La recommandation de la Commission, adoptée en même temps que la proposition de directive, encourage les États membres à veiller à ce que les mesures suivantes soient prises :

– Des cadres juridiques nationaux similaires devraient offrir les garanties nécessaires, à celles de l'UE, pour lutter contre les SLAPP nationales, y compris des garanties procédurales impliquant l'anticipation de litiges manifestement infondés. Les États membres doivent également veiller à ce que leurs règles en matière de diffamation, qui est l'un des motifs les plus courants de poursuites-bâillons, n'aient pas d'effet injustifié sur la liberté d'expression, sur l'existence d'un environnement médiatique ouvert, libre et pluriel, et en participation du public.

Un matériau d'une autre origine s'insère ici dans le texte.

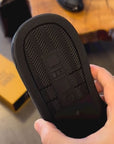 Helvano | Elegante Herren Sneaker in Schwarz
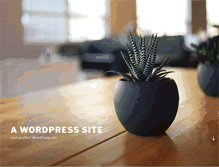 Tablet Screenshot of filmatlanta.com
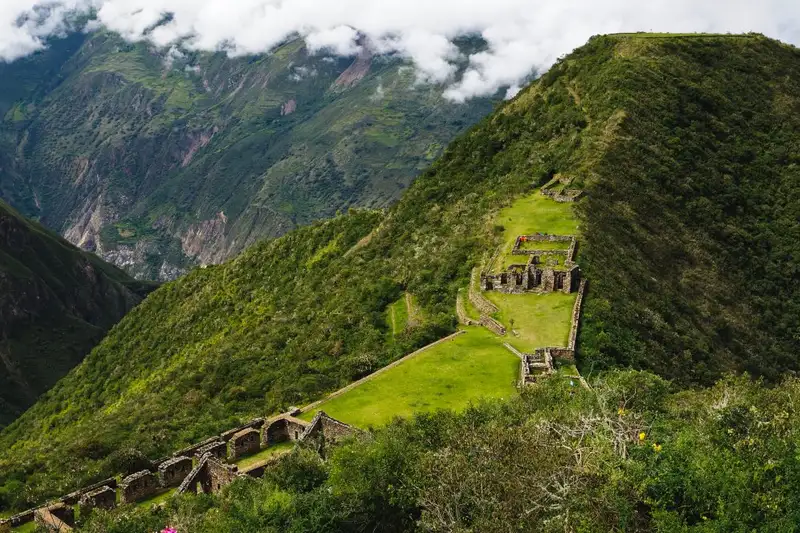 Trekkingreise Peru: Verborgene Schätze entlang des neuen Inka Trails - Bild 14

– Des formations devraient être proposées aux professionnels du droit et aux victimes potentielles de bâillon afin d'améliorer leurs connaissances et leurs compétences afin de pouvoir traiter de manière satisfaisante ce type de contentieux. Le Réseau Européen de Formation Judiciaire (REFJ) intervient pour garantir la coordination et la diffusion de l'information dans tous les Etats membres ;

– Des campagnes de sensibilisation et d'information devraient être organisées afin que les journalistes et les défenseurs des droits de l'homme sachent quand ils font face à un procès bâillon.

– Les victimes de procès bâillon devraient pouvoir bénéficier d'une assistance individuelle et indépendante, par exemple, offerte par des cabinets d'avocats qui défendent bénévolement les victimes SLAPP.

– Les données agrégées collectées au niveau national sur les poursuites judiciaires manifestement infondées ou abusives contre la participation du public doivent être communiquées à la Commission chaque année à partir de 2023.

La proposition de directive sera négociée et adoptée par le Parlement européen et le Conseil avant de devenir une loi de l'UE. La recommandation de la Commission est une application directe. Les États membres devront faire rapport à la Commission sur leur mise en œuvre dix-huit mois après l'adoption de la recommandation.